■ **Work item**
The result should be an exact copy of every record, with no pictures kept.

════════

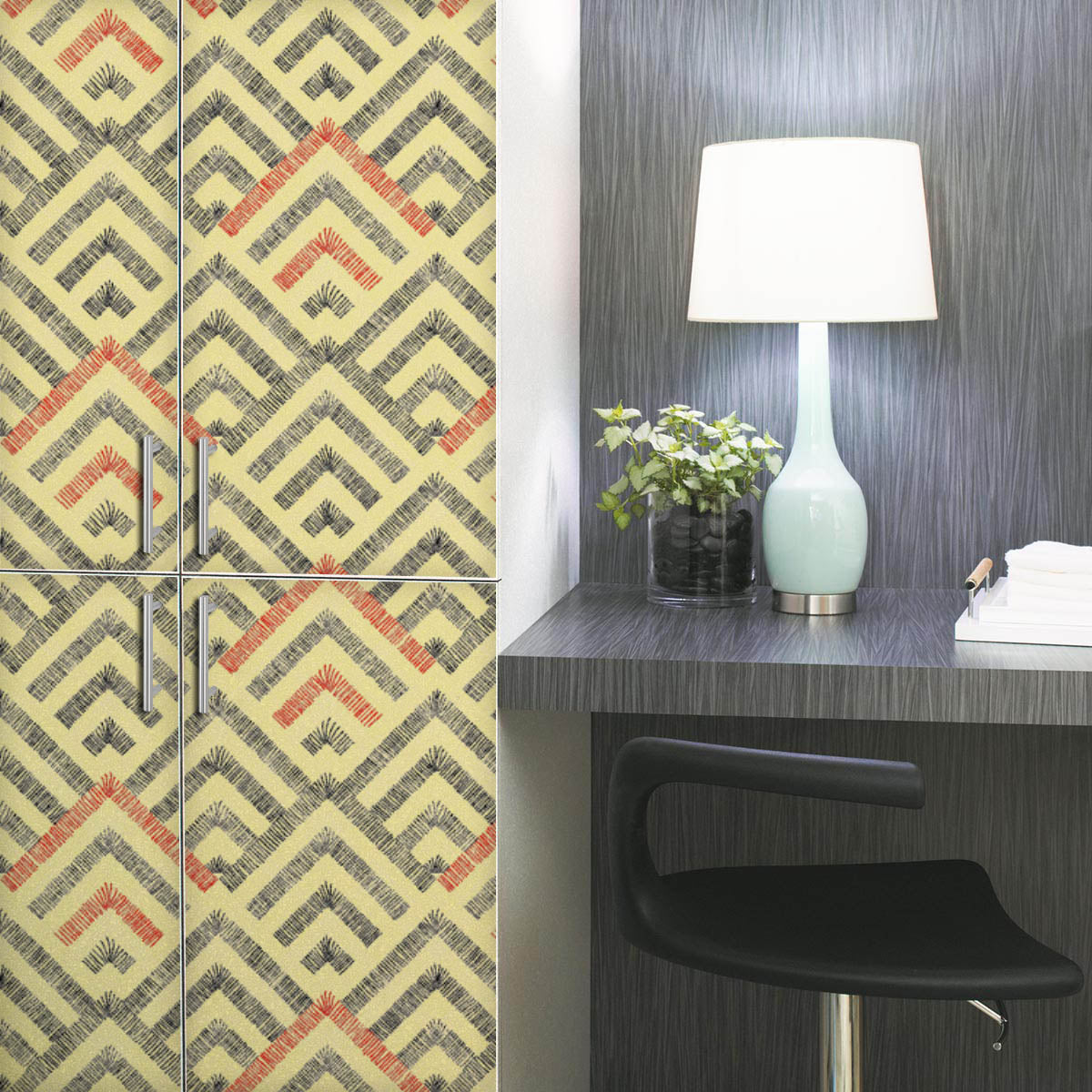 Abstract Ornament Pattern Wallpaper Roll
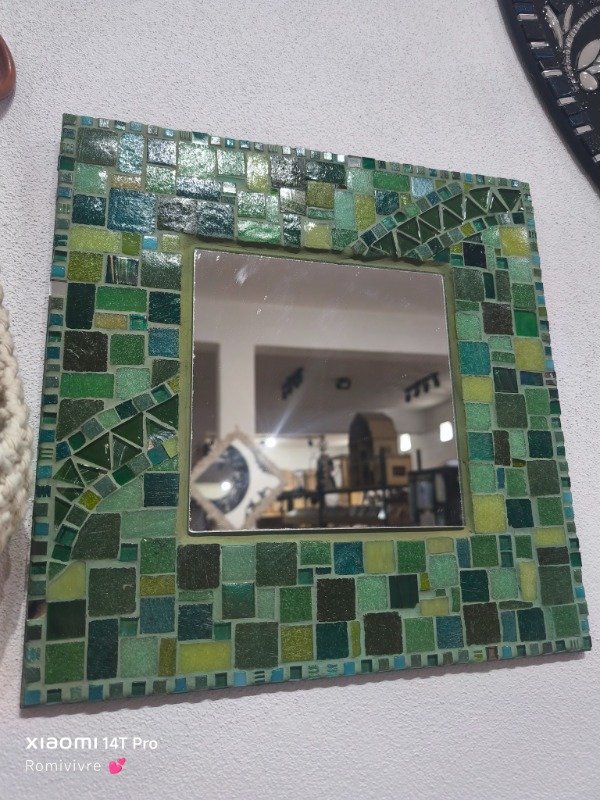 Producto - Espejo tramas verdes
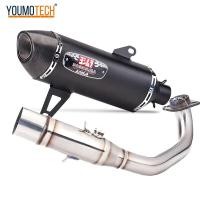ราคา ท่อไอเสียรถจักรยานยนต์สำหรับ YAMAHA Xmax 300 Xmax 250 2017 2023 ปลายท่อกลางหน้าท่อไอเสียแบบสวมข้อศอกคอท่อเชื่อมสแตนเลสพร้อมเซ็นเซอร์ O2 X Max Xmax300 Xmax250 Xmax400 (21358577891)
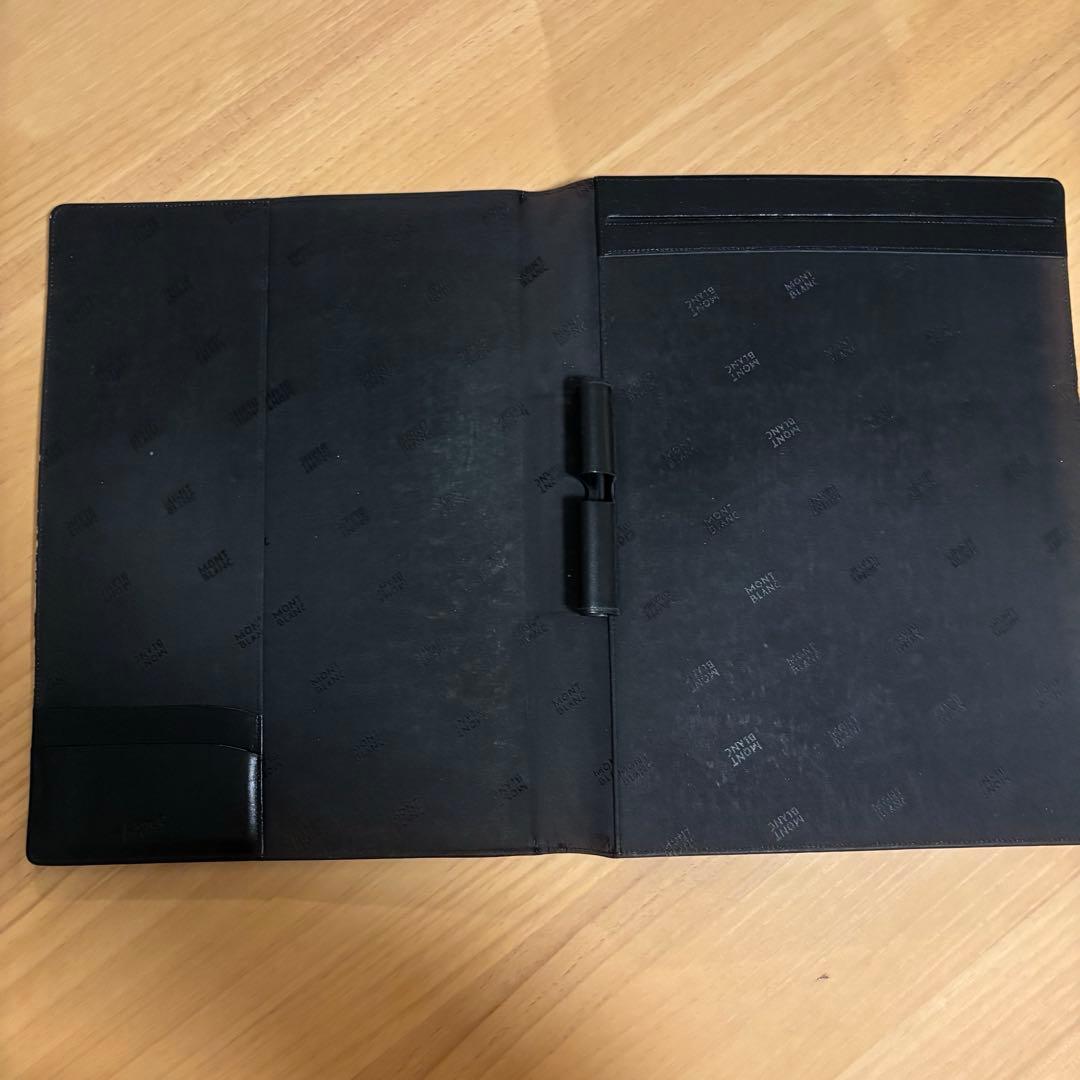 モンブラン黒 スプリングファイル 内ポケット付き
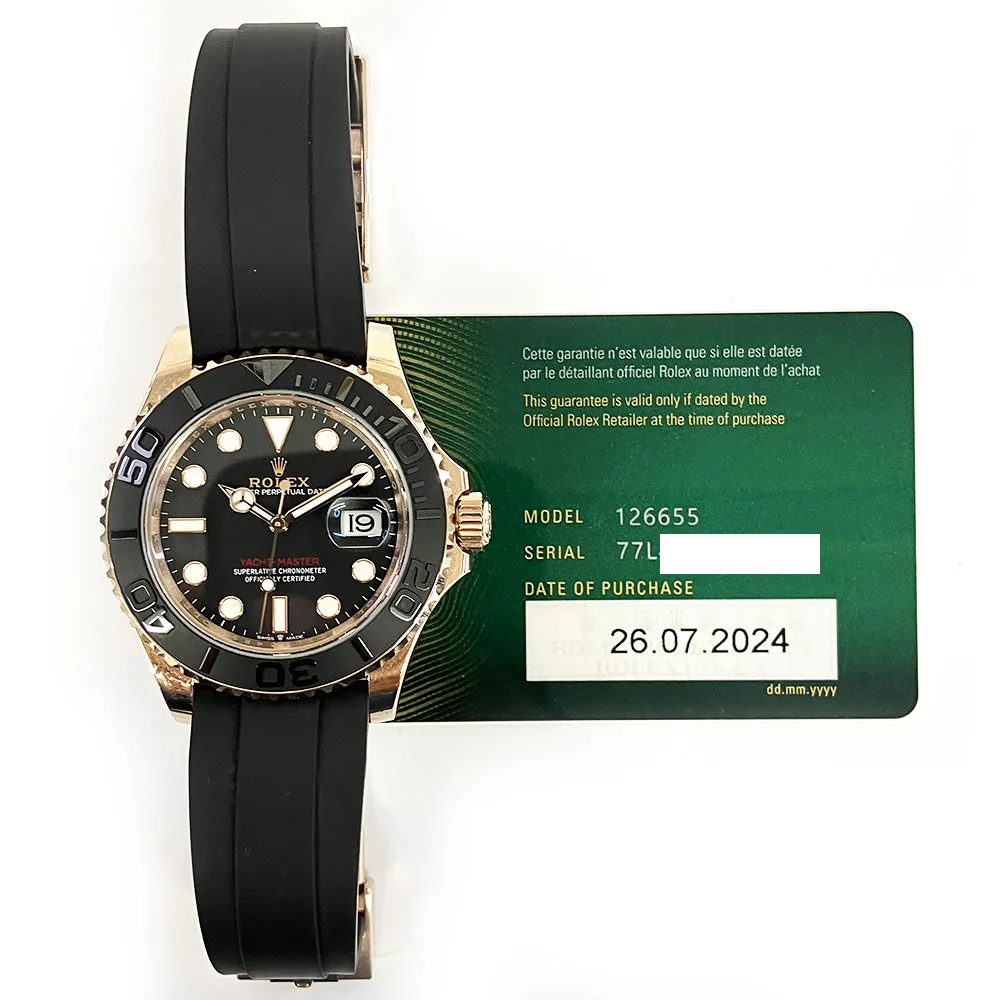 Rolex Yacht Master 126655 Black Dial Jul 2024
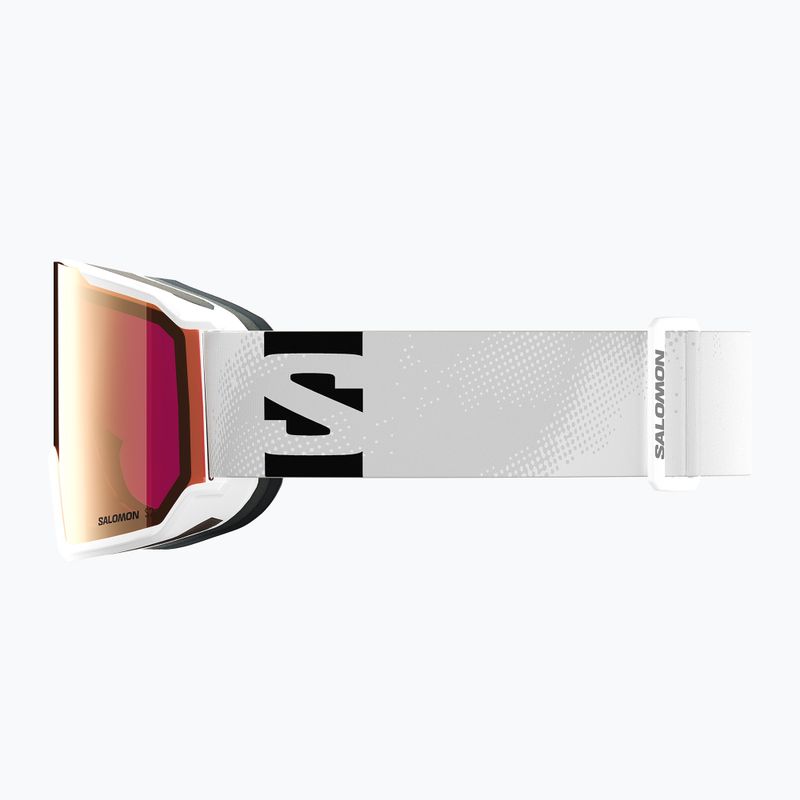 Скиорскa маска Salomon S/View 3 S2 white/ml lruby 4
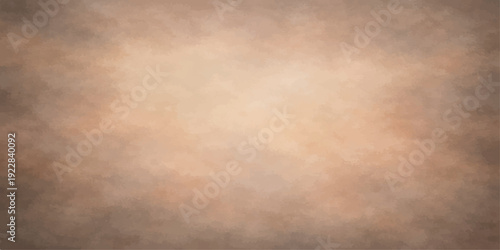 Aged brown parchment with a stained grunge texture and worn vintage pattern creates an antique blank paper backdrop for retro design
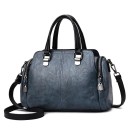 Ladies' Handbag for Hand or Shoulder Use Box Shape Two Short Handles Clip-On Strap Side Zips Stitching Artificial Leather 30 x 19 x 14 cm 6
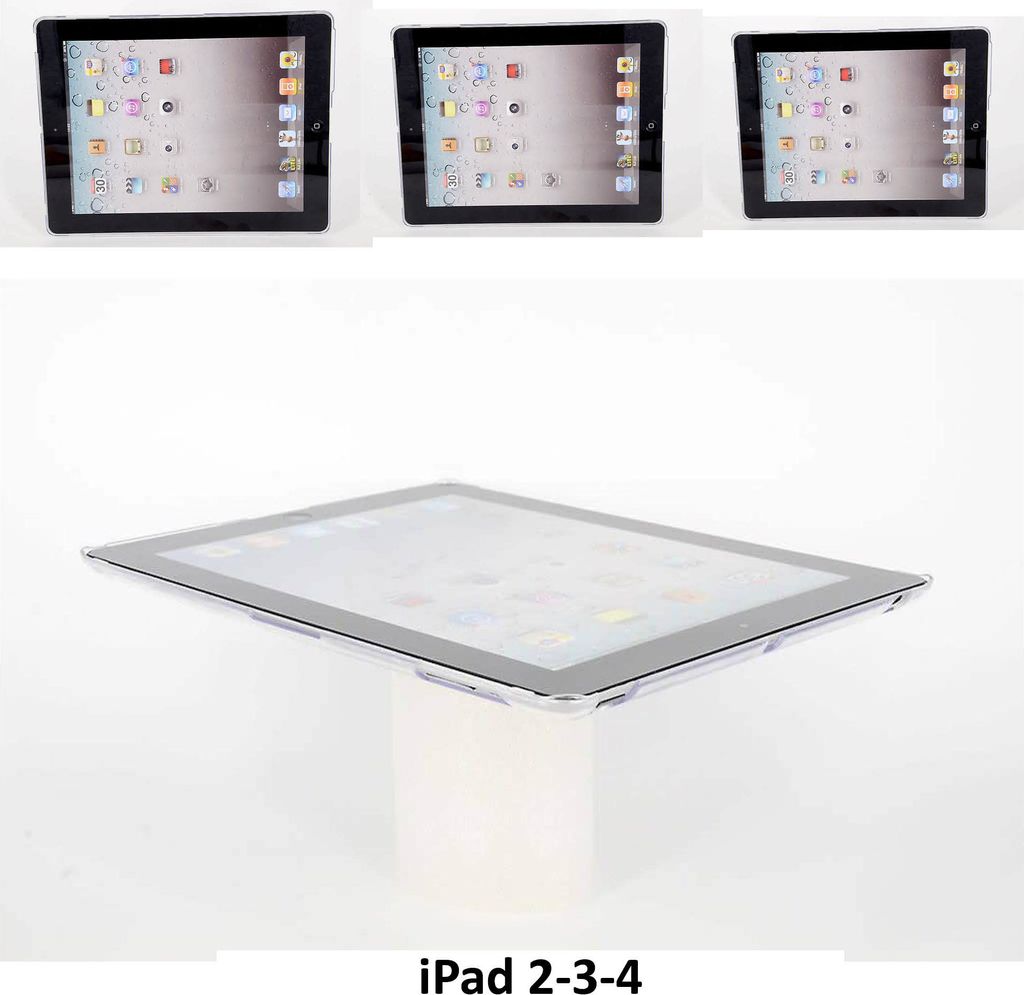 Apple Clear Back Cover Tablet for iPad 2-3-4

════════

■ **Response area**
 Abstract Ornament Pattern Wallpaper Roll
 Producto - Espejo tramas verdes
ราคา ท่อไอเสียรถจักรยานยนต์สำหรับ YAMAHA Xmax 300 Xmax 250 2017 2023 ปลายท่อกลางหน้าท่อไอเสียแบบสวมข้อศอกคอท่อเชื่อมสแตนเลสพร้อมเซ็นเซอร์ O2 X Max Xmax300 Xmax250 Xmax400 (21358577891)
 モンブラン黒 スプリングファイル 内ポケット付き
 Rolex Yacht Master 126655 Black Dial Jul 2024
 Скиорскa маска Salomon S/View 3 S2 white/ml lruby 4
 Aged brown parchment with a stained grunge texture and worn vintage pattern creates an antique blank paper backdrop for retro design
 Ladies' Handbag for Hand or Shoulder Use Box Shape Two Short Handles Clip-On Strap Side Zips Stitching Artificial Leather 30 x 19 x 14 cm 6
 Apple Clear Back Cover Tablet for iPad 2-3-4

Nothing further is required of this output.